3: Each observation represents one of two outcomes ("success" or "failure").
4: The probability of "success" $p$ is the same for each outcome.

Step 2: the equation:
$${n\choose k}p^k(1-p)^{n-k}$$
Step 3: setup the data:

\begin{align}n&=5\\ k&=3\\ p&=\frac16\\ 1-p&=\frac56\end{align}

Step 3: plug in
$${5 \choose 3}* \left(\frac{1}{6}\right)^3*\left(\frac{5}{6}\right)^2=0.032$$
Step 4: Cumulative probability:$P(X \geq x)$
You should plug (again) for $k=4$ and $k=5$ and sum them up.
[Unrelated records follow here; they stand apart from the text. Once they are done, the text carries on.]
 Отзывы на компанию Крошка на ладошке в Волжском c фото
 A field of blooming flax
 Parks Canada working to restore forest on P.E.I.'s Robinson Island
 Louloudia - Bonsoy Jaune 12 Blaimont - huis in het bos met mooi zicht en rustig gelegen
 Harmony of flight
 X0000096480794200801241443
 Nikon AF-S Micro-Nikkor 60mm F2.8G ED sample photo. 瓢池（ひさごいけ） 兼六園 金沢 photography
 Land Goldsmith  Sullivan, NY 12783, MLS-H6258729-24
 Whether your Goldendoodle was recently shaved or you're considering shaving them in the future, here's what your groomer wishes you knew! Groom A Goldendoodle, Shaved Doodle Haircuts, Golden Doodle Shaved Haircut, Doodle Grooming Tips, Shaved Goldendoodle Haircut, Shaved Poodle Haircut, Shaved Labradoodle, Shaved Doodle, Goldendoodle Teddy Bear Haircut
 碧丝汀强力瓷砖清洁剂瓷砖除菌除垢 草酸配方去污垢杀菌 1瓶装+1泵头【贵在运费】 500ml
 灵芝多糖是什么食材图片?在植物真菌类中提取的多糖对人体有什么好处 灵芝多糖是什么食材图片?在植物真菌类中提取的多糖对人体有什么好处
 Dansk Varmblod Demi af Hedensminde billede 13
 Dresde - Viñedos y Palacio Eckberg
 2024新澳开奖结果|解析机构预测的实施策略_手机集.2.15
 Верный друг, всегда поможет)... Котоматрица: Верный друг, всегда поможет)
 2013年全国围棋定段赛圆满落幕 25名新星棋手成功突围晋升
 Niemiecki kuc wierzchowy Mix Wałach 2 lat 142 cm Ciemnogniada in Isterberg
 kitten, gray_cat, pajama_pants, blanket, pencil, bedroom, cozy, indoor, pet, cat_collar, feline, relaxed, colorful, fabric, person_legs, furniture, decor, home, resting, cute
You'll get: $0.035$ 
Step 5: conclusion:
For any number:$0.035*6=0.21$.
A: No... it is not.
You must consider the number of ways you can get $3$ specific numbers (e.g., $1$) out of five rolls:  $(111xx),(x1x11),\ldots$, and likewise for four appearances, or five appearances.  This is governed by a binomial distribution.
For a given chosen number (e.g., a $1$), the number of ways you can get this is the probability of getting exactly three $1$s in known positions:  $\frac{1}{6} \cdot \frac{1}{6} \cdot \frac{1}{6}$.  But how many sets of three positions exist?  That is ${5 \choose 3} = 10$.  But for this to give exactly three $1$s, the other two positions must be non $1$s.  The probability of that is $\frac{5}{6} \cdot \frac{5}{6}$.  
I'll let you multiply these out for yourself.
Next, if you allow getting exactly four $1$s, the above changes to $\frac{1}{6} \cdot \frac{1}{6} \cdot \frac{1}{6} \cdot \frac{1}{6}$ and ${5 \choose 4}$.  See why?
It is simple calculating the change of getting exactly five $1$s:  $\left( \frac{1}{6} \right)^5$
Then add them up.